My model has 3 sub-task lossess. I want to calculate grad through each loss.backward() in 1 forward, and then use optimizer.step() for different parts of the model. The model is defined as below:

Class SomeNet(nn.Module):
    def __init__(self, num_classes):
        self.encoder = resnet50(pretrained=True)
        self.cls1 = nn.Linear(2048, num_classes)
        self.cls2 = nn.Linear(2048, num_classes)

    def forward(x):
        feature = self.encoder(x)
        output1 = self.cls1(feature)
        output2 = self.cls2(feature)
        return output1, output2

Currently I am using optimizer.zero_grad() before calling each loss.backward() to ensure only a specific part is updated. Concretly, I update encoder and cls1 with loss1, cls2 with loss2 and encoder with loss3. See demo code below:


model = SomeNet(num_classes)
optimizer_fea = torch.optim.SGD({'params': model.encoder.parameters()})
optimizer_cls1 = torch.optim.SGD({'params': model.cls1.parameters()})
optimizer_cls2= torch.optim.SGD({'params': model.cls2.parameters()})

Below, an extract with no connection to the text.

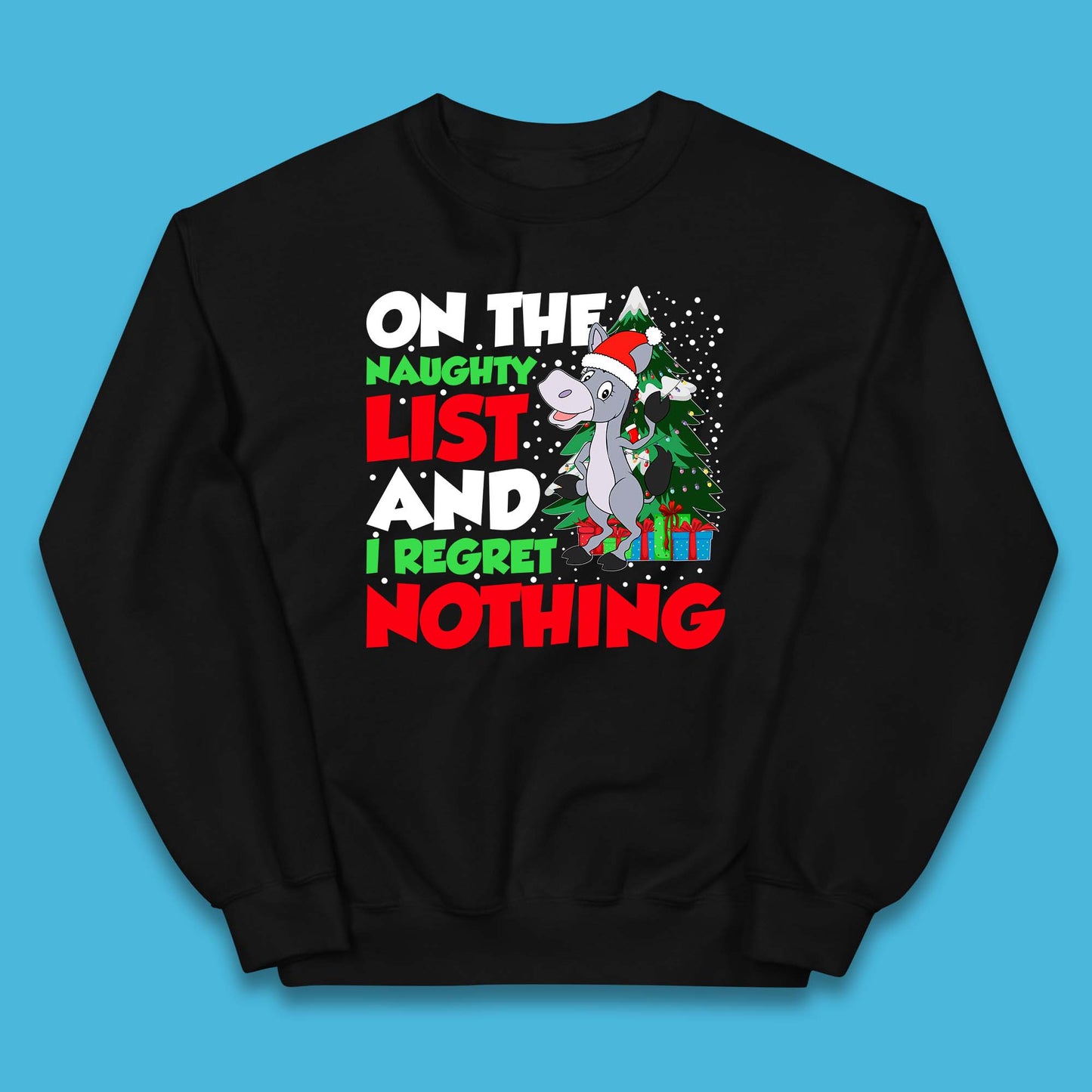 Donkey Christmas Naughty List Kids Jumper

for data, label1, label2, label3 in data_loader:
    output1, output2 = model(data)
    loss1 = criterion1(output1, label1)
    loss2 = criterion2(output2, label2)
    loss3 = criterion2(output2, label3)

    loss1.backward(retain_graph=True)
    optimizer_fea.step()
    optimizer_cls1.step()
    optimizer_fea.zero_grad()
    optimizer_cls1.zero_grad()

    loss2.backward(retain_graph=True)
    optimizer_cls2.step()
    optimizer_fea.zero_grad()
    optimizer_cls2.zero_grad()

    loss3.backward()
    optimizer_fea.step()
    optimizer_fea.zero_grad()
    optimizer_cls2.zero_grad()
    

I have 2 questions for above code:

  1. If I use loss3.backward without retain_graph=True, then most of computational graph is freed. However, loss3 does not involve the node of cls1 in computational graph, so I guess there is some graph is not freed. Is there any convenient way to free all computational graph after I’ve called loss3.backward()?

  2. The above code is tediously long. Is there any convenient way to only compute gradient for a specific layer of model?

Seriously, does no one know how to do this?

I want to use loss1 to update model.encoder and model.cls1, which is simple. I can just use loss1.backward().
But for loss2 and loss3 the situation is different. loss2 and loss3 is computed on the exact same computational graph. Yet I want loss2 only update model.cls2 and loss3 only update model.encoder.

Can I do that in an elegant way?

I think torch.autograd.grad may do the job. But I’m not sure how to implement it.